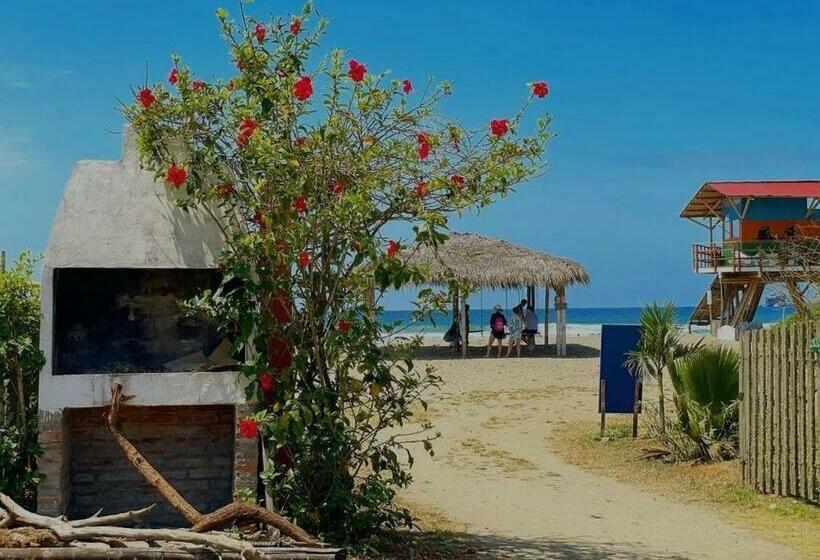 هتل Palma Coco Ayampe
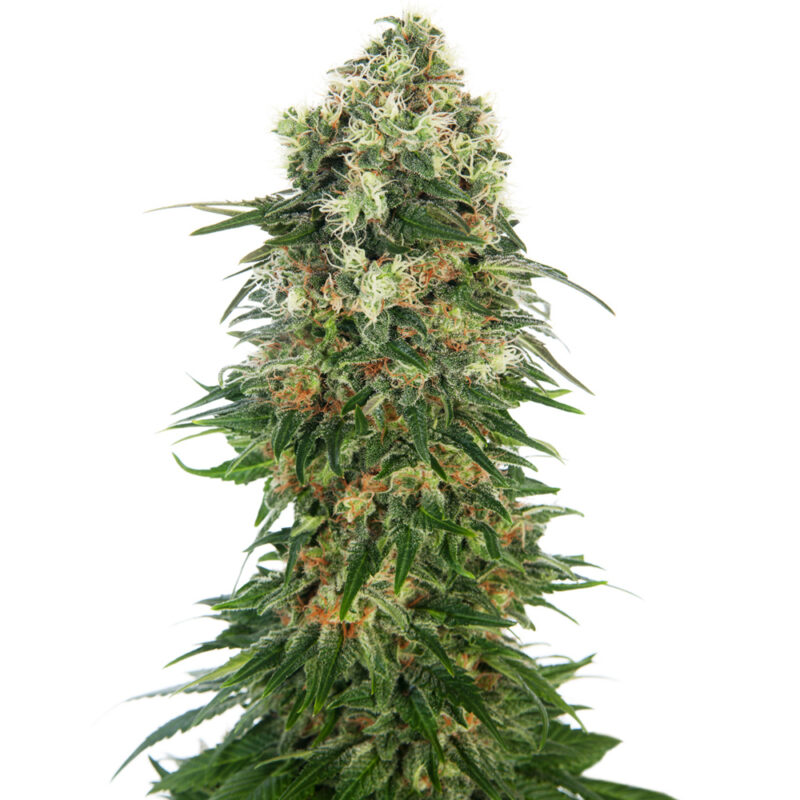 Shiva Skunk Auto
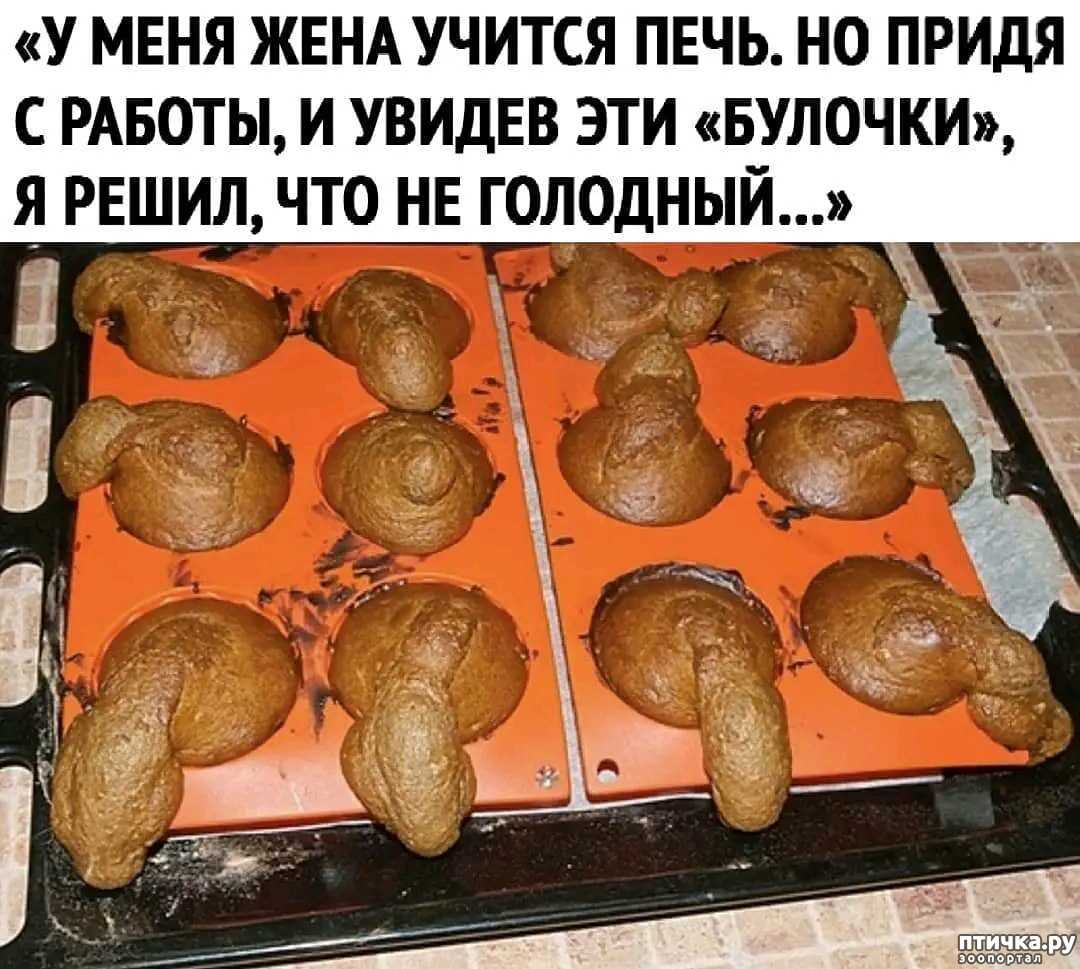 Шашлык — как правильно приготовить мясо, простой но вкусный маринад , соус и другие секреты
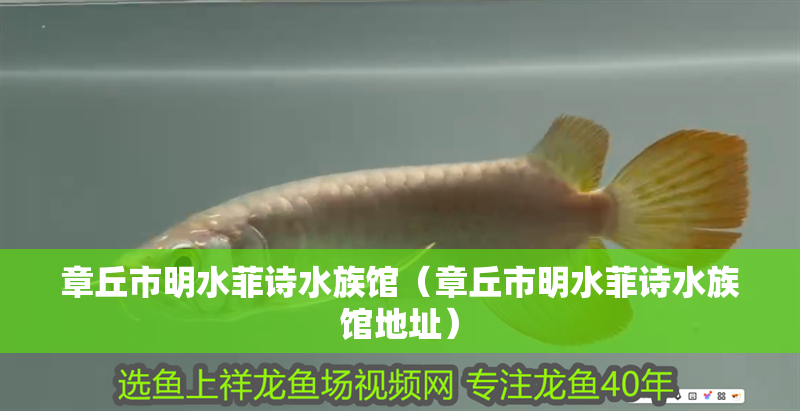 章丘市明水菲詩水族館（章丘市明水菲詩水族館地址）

◆ ◆ ◆ ◆

Using the material above, return every line exactly as it appears, minus the pictures.

 هتل Palma Coco Ayampe
 Shiva Skunk Auto
 Шашлык — как правильно приготовить мясо, простой но вкусный маринад , соус и другие секреты
 章丘市明水菲詩水族館（章丘市明水菲詩水族館地址）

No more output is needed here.